Johann Schroffner

Photo by Johann Schroffner
Johann Schroffner (Mikrut 2000-1)

Personalia

Born:

May 10, 1891, Thalgau

Died:

Profession:

Priest

Persecution:

Imprisonment 03.08.1939 - 10.08.1939,
Dachau concentration camp 10.08.1939 - 28.09.1939,
Buchenwald concentration camp 28.09.1939 - 28.03.1940,
Murdered on 28.03.1940

Curriculum Vitae

Johann Schroffner was born in Thalgau as the second of 14 children of small farmers Simon Schroffner and Magdalena, née Grabner. After elementary school, he transferred to the Archbishop's College Borromäum in Salzburg, where he graduated in July 1912. The following fall, he entered the seminary in Salzburg and was ordained a priest in 1915. Together with him, Felix Gredler was ordained, who was later also murdered by the National Socialists in a concentration camp.

After his ordination, he was briefly active in the parish of Thalgau, then between 1916 and 1931 he was a cooperator (chaplain) in the parishes of Großarl, Strobl, Eugendorf, Hopfgarten-Markt, Maria Alm, St. Johann in Tirol, Kirchbichl, Taxenbach and Kuchl. In 1931, Johann Schroffner finally became parish priest of St. Martin. After disagreements concerning the lease of the parish farm and with his sister-in-law, he became parish priest in Oberndorf in Tyrol in 1936. The Catholic Action is very active there, with which he works intensively, as well as with the Patriotic Front, of which he is a member.

Johann Schroffner in his younger years
Johann Schroffner in his younger years

It would be better to put the party bigwigs in the cannons and shoot Göring in the ass.

Johann Schroffner vis-à-vis other persons

Johann Schroffner is arrested by the Gestapo on August 3, 1939. During interrogation, he admits to the charges against him. On August 10, 1939, he was deported to Dachau concentration camp.

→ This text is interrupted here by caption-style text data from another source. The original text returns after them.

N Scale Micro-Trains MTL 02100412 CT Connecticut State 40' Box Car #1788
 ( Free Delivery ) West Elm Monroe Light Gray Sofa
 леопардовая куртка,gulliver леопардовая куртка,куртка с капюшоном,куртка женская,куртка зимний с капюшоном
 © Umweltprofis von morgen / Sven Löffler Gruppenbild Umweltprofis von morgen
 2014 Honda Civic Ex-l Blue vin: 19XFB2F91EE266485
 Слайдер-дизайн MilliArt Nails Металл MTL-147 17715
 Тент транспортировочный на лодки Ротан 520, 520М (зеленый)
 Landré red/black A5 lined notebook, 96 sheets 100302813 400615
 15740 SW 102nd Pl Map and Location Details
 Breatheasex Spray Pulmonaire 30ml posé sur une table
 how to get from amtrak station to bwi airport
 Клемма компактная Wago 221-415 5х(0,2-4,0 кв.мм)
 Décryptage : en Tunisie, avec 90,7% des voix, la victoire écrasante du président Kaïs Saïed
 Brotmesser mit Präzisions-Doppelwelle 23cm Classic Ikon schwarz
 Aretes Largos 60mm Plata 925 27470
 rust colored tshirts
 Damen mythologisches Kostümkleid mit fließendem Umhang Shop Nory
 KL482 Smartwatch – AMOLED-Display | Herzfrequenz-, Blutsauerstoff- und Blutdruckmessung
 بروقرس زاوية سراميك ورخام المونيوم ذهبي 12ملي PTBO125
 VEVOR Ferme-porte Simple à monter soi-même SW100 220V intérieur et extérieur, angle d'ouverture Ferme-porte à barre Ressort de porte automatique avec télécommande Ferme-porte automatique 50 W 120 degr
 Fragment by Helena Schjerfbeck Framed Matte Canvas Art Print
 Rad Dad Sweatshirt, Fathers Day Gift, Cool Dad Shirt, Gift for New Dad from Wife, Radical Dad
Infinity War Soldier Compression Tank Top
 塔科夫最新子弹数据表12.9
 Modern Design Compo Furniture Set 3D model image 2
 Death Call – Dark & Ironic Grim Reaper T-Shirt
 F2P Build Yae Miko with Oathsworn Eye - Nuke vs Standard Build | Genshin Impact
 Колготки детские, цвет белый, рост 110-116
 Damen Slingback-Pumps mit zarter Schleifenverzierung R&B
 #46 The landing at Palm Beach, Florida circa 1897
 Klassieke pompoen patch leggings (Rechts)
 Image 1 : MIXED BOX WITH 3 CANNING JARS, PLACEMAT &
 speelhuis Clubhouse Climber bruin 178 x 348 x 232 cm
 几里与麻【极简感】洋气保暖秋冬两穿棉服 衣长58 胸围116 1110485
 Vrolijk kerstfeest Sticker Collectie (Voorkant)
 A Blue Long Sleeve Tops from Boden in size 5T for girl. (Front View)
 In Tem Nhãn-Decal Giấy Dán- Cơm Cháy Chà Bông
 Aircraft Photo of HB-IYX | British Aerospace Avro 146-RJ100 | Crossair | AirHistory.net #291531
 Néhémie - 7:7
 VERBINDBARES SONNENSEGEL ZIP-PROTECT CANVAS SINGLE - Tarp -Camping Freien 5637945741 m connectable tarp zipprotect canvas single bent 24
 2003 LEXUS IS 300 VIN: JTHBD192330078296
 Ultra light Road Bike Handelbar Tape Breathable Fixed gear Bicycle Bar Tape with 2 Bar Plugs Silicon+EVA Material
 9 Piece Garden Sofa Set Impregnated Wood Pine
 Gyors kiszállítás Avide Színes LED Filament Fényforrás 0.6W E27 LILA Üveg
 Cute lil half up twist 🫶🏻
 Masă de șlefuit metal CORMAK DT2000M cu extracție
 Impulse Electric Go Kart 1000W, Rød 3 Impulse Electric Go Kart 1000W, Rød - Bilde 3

After his arrival at Dachau concentration camp, he was assigned to Block 15, the punishment company. Andreas Rieser

I can still vividly remember when I greeted Pastor Schroffner in Dachau. I had already been in this world-famous camp for a year. But not just in the camp, but in the camp again in the most horrible place imaginable: in the punishment company!

In the course of the morning, a rumor was already circulating that a pastor had been brought in again! We had just entered the camp from the heavy labor detachment at lunchtime on August 18, 1939. As we marched through the large, iron double camp gate, a man was standing in the roll call area. He was only wearing trousers, a vest and shoes. He stood there, pale and tired from hours of standing. This face was so familiar to me... I didn't know who it was.... A Tyrolean priest! While there was still time after the meagre, quickly consumed meal, I hurried to greet the new confrere and fellow sufferer. I can still see him so vividly before me: trembling and dripping with sweat, deathly tired! A brief, joyful smile flashed across his pale face. It was a comfort for him to meet me as a diocesan confrere in this 'hell on the edge of the forest'. I was able to give him a few words of encouragement, then it was back to work at speed.

[...]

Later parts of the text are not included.